Authors: Sevvandi Kandanaarachchi [aut, cre]
Maintainer: Sevvandi Kandanaarachchi <[email protected]>
License: MIT + file LICENSE
Version: 1.0.4
Built: 2025-01-19 03:31:37 UTC
Source: https://github.com/sevvandi/dobin

Help Index


Plots the first two components of the dobin space.

Description

Scatterplot of the first two columns in the dobin space.

Usage

## S3 method for class 'dobin'
autoplot(object, ...)

Arguments

object

The output of the function 'dobin'.

...

Other arguments currently ignored.

Value

A ggplot object.

Examples

X <- rbind(
  data.frame(x = rnorm(500),
             y = rnorm(500),
             z = rnorm(500)),
  data.frame(x = rnorm(5, mean = 10, sd = 0.2),
             y = rnorm(5, mean = 10, sd = 0.2),
             z = rnorm(5, mean = 10, sd = 0.2))
)
dob <- dobin(X)
autoplot(dob)

Computes a set of basis vectors for outlier detection.

Description

This function computes a set of basis vectors suitable for outlier detection.

Usage

dobin(xx, frac = 0.95, norm = 1, k = NULL)

Arguments

xx

The input data in a dataframe, matrix or tibble format.

frac

The cut-off quantile for Y space.

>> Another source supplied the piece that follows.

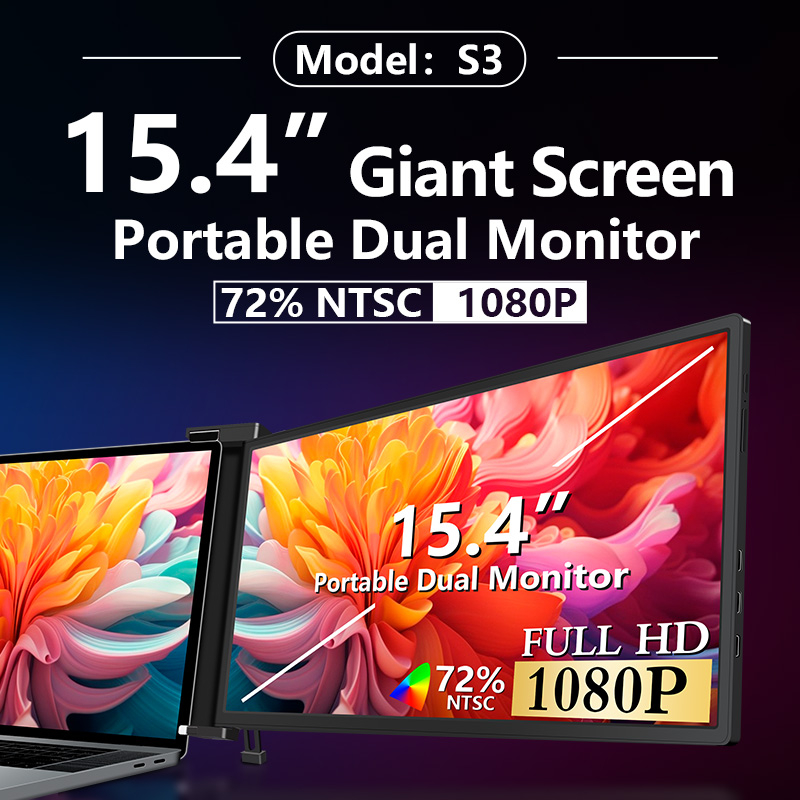 Monitor portabil pentru laptop, Milmatt, 15.4 inch, ecran FHD 1080P IPS, extensie pentru laptop cu port USB-C si Mini HDMI, Plug & Play, compatibil cu laptopuri de 15.6 -17.3”, Switch, Xbox, negru [2]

Default is 0.95.

norm

The normalization technique. Default is Min-Max, which normalizes each column to values between 0 and 1. norm = 0 skips normalization. Other values of norm defaults to Median-IQR normalization.

k

Parameter k for k nearest neighbours with a default value of 5% of the number of observations with a cap of 20.

Value

A list with the following components:

rotation

The basis vectors suitable for outlier detection.

coords

The dobin coordinates of the data xx.

Yspace

The The associated Y space.

Ypairs

The pairs in xx used to construct the Y space.

zerosdcols

Columns in xx with zero standard deviation. This is computed only if the number of columns are greater than the number of rows.

Examples

# A bimodal distribution in six dimensions, with 5 outliers in the middle.
set.seed(1)
x2 <- rnorm(405)
x3 <- rnorm(405)
x4 <- rnorm(405)
x5 <- rnorm(405)
x6 <- rnorm(405)
x1_1 <- rnorm(mean = 5, 400)
mu2 <-  0
x1_2 <- rnorm(5, mean=mu2, sd=0.2)
x1 <- c(x1_1, x1_2)
X1 <- cbind(x1,x2,x3,x4,x5,x6)
X2 <- cbind(-1*x1_1,x2[1:400],x3[1:400],x4[1:400],x5[1:400],x6[1:400])
X <- rbind(X1, X2)
labs <- c(rep(0,400), rep(1,5), rep(0,400))
dob <- dobin(X)
autoplot(dob)